Возникает законный вопрос: зачем же запутывать и без того запутанного десятиклассника? Когда Вознесенский пишет: «Все прогрессы — реакционны, если рушится человек»,— это достойно настоящего поэта. К сожалению, он может написать и «Балладу—яблоню» — вещь сомнительных достоинств.
В принципиальном разговоре нуждается и тема России. Если встать на позицию А. Дементьева, то наравне с русскими поэтами, отруганными им, в пристрастной любви к ней можно упрекать и многих известных национальных поэтов, таких, как Яков Ухсай, Семен Данилов, Леонид Попов, Солбон Ангабаев, Николай Дамдинов, Александр Алга, Дамба Жалсараев. Здесь бы оказались маститые Хасан Туфан, Назар Наджми.
Тема России и общности судеб нашего народа с другими народами — коренная тема нашей поэзии. Ленин и революция сделали эту тему интернациональной. Подлинный интернационализм рождается только в любви к своему народу, к его труду, к его славе. Кто не любит и не понимает своего народа, не поймет и не полюбит другого, его культуры, его борьбы за лучшее будущее. Выезжая за границу, наши поэты привозят стихи, полные уважения к другим народам. При этом они не молчат, когда видят преступления империалистов. Е. Долматовский побывал во Вьетнаме — и мы прочли стихи о борьбе вьетнамского народа с американскими убийцами. А. Николаев посетил Цейлон и Судан — и через его стихи мы почувствовали жизнь цейлонцев и суданцев. Сергей Васильев путешествовал по Америке и вместе с художником Абрамовым создал оригинальную книгу об этой далекой стране. Он не ездил туда с разоблачительными целями, но то, что стоило разоблачить, он разоблачил. Мы, советские поэты, верим, что народ Америки, втянутый в бессмысленную для него войну, вынянчит свое пока еще слабое дитя — справедливость. Наверняка будет так, как в одной из своих поэм сказал Николай Грибачев:
И о радостной яви иного берега
Запоет твой народ.
Я подсказываю тебе, Америка,
Я предсказываю тебе, Америка,
К новым дням поворот!
Из того, что я уже сказал о нашей поэзии, можно сделать вывод, что в лучших своих образцах она жизнедеятельна и целенаправленна. На ее лучших качествах надо воспитывать и тех, кто сегодня приобщается к ее нелегкому труду, поэтому позволю себе разговор о первых книгах.
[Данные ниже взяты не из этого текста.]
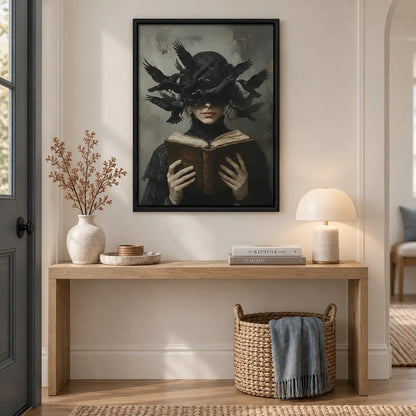 Witch Reading With Raven Swarm Gothic Wall Art 6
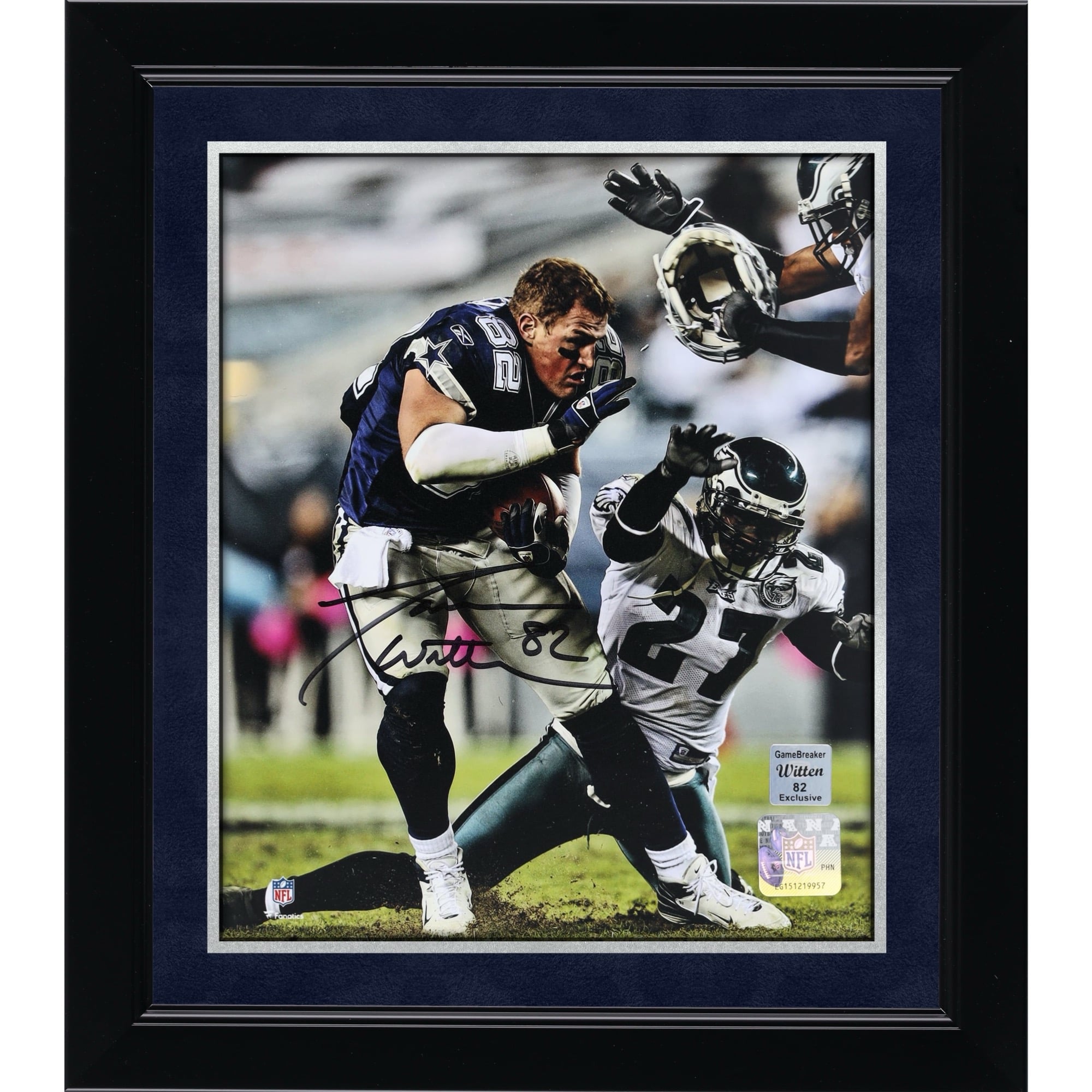 Photo 8'' x 10'' sans casque de Jason Witten, joueur des Dallas Cowboys, dédicacée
Первое напечатанное стихотворение, первая книга поэта!
Сколько радости и стыда! Да, стыд всегда дежурит при первой радости поэта, как, впрочем, и при всех последующих. Присутствие его — залог развития. Сначала поэт мечтает хоть об одном напечатанном стихотворении. И вот оно напечатано. Но что такое? Показанное миру, оно вдруг потускнело перед богатством мира, перед тем, что уже есть в поэзии. То же самое происходит и с книгой. Пока она напечаталась, поэту удалось написать несколько строк, которые как бы перечеркнули ее. С выходом она побледнела не только перед богатством мира, но и перед тем, что он сам обнаружил в своей собственной душе. Тогда, полный стыда, гордый поэт, как Некрасов, бежит и скупает свое постыдное творение.
Но эта картина по нашим временам слишком идеальная. Чаще всего встречаешься с торопливостью и нетребовательностью, отсутствием мучений. Бывает, что самые бесцветные и нелепые стихи помещаются на первых страницах и выдаются за декларации, вроде: «И беру бумагу. И в душу вновь обмакиваю перо».
У нас ежегодно издается более 200 первых книг. Это слишком много даже для такой великой страны, как наша. На многих — печать небрежности, нетребовательности к слову и образу. Ошибки распространяются, пропагандируются и утверждаются в сознании еще более молодых. Такое положение тем более опасно, что издание поэтических книг в наших самых требовательных издательствах, таких, как «Художественная литература», «Советский писатель», «Советская Россия», не увеличивается, а сокращается.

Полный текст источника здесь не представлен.